Ils étaient à près de trois lieues de la route principale quand le soleil se coucha. La lumière rouge qui filtrait encore à travers le feuillage s’estompa rapidement et ils décidèrent de se mettre en quête d’un lieu pour dormir. Au détour d’une courbe du chemin, ils trouvèrent une ferme abandonnée. La masure principale située au fond du terrain avait été incendiée. A en juger par l’odeur de bois brulé qui envahissait l’air et les volutes de fumée qui s’échappaient encore du toit calciné, le feu était récent. La grange, en revanche, semblait intacte.

La ferme était organisée à peu de choses près de la même manière que les fermes cauchoises normandes. Le terrain formait une trouée carrée dans la forêt vierge. On y accédait par un chemin de terre qui aboutissait au coin sud-ouest de la propriété. On arrivait ensuite sur un puits et sur la cour en terre battue, d’où l’on apercevait les différents bâtiments qui formaient l’ensemble. Grange et grenier se trouvaient à l’ouest, dans le prolongement du chemin, afin de permettre le transit des machines et marchandises plus aisément. Les vestiges du poulailler et le four se trouvaient à l’est de la cour. Entre les deux, une grande longère orientée d’est en ouest, venait fermer la cour Sud. La moitié Nord de la propriété avait abrité le potager et le verger, sur un hectare environ, mais il n’en subsistait que des cendres fumantes. Derrière eux se dessinaient les hautes cimes des arbres de la forêt.

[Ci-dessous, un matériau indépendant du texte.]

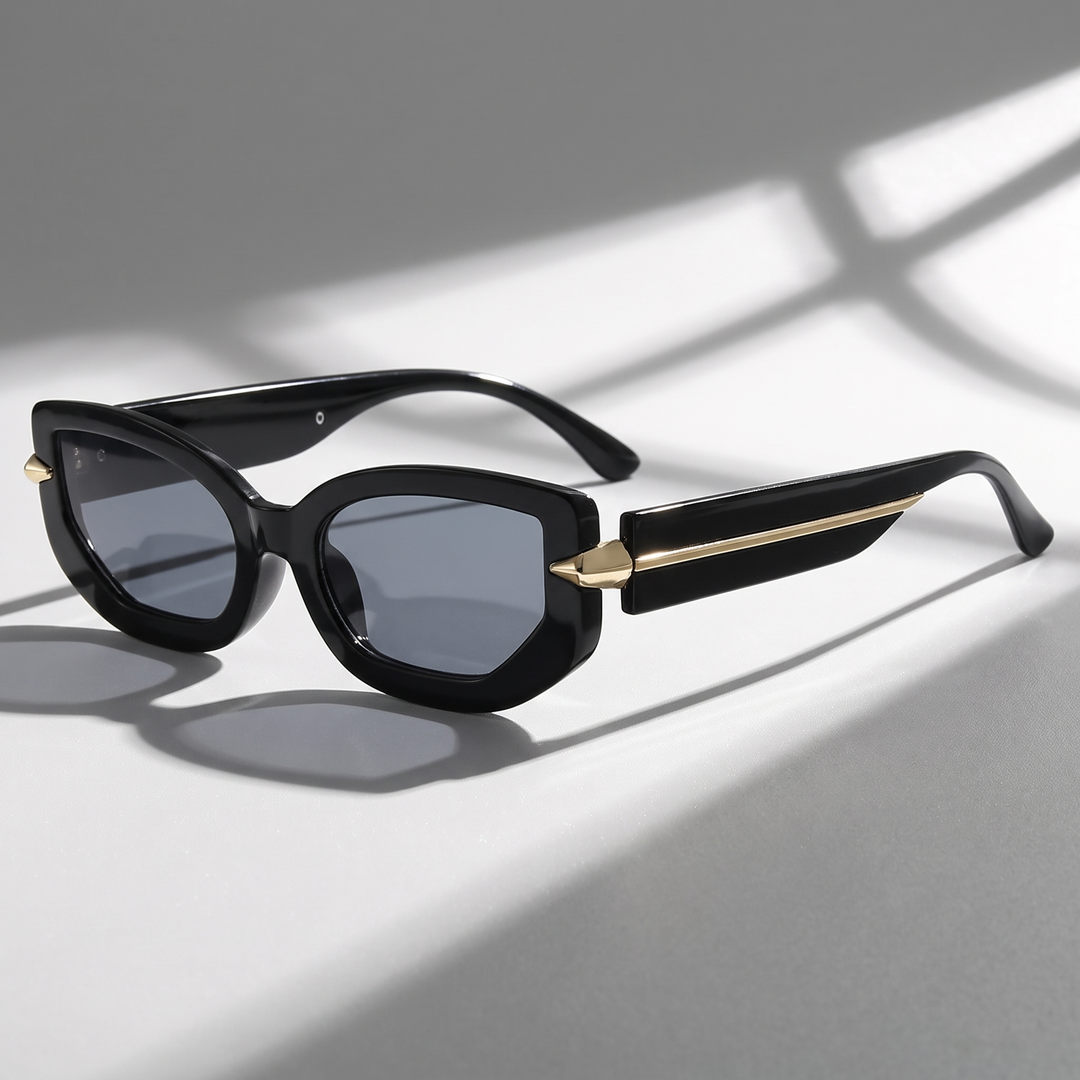 ADDISON SUNGLASSES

Ils décidèrent donc d’investir la grange, espérant pouvoir se coucher modestement sur la paille, après avoir partagé les restes de la cueillette matinale de Surcouf. A leur grande surprise, en poussant les lourdes portes en bois, ils se rendirent compte que la grange était déjà occupée. En effet, il y avait là une belle mule enfermée dans son box et probablement abandonnée par ses propriétaires. Elle tremblait des quatre jambes, sans doute terrifiée par l’incendie et coincée ici sans pouvoir s’échapper.

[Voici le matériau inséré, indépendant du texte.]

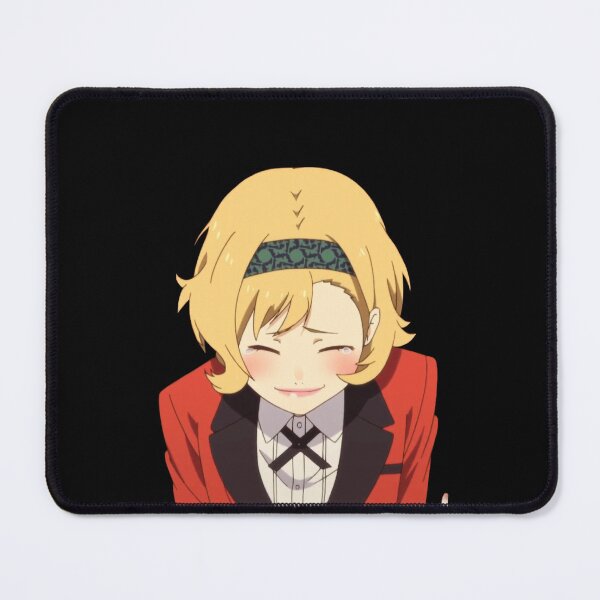 Item preview, Itsuki Sumeragi Smile Kawaii designed and sold by AnimeLove89.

Une aubaine pour les deux compagnons qui, en l’attelant à une carriole légère à deux roues, pourraient rejoindre Port au Prince avant midi, le lendemain.

Ils donnèrent de l’eau et du foin à la pauvre bête, puis Oscar prit une brosse et commença à la masser vigoureusement pendant que Surcouf allait chercher de l’eau au puits. L’animal sembla rassuré par les tendres caresses du jeune garçon et ses membres arrêtèrent de trembler alors que l’enfant lui flattait l’encolure. Il attrapa la bête par le licol et lui fit faire quelques pas dans la grange, pour s’assurer qu’elle ne souffrait d’aucune boiterie ou blessure causée par l’incendie. Heureusement, la mule paraissait en parfaite forme physique. La remettant dans son box, Oscar rejoignit Surcouf pour partager le diner. Les fruits et le reste d’avocat n’étaient plus aussi frais que le matin, mais ils nourrirent malgré tout les deux hommes et Cebus. Harassés par leur marche et leur nuit agitée sur la plage, ils ne dirent pas un mot du repas et s’allongèrent côte à côte dans la paille, sombrant tous trois presque instantanément dans un sommeil profond.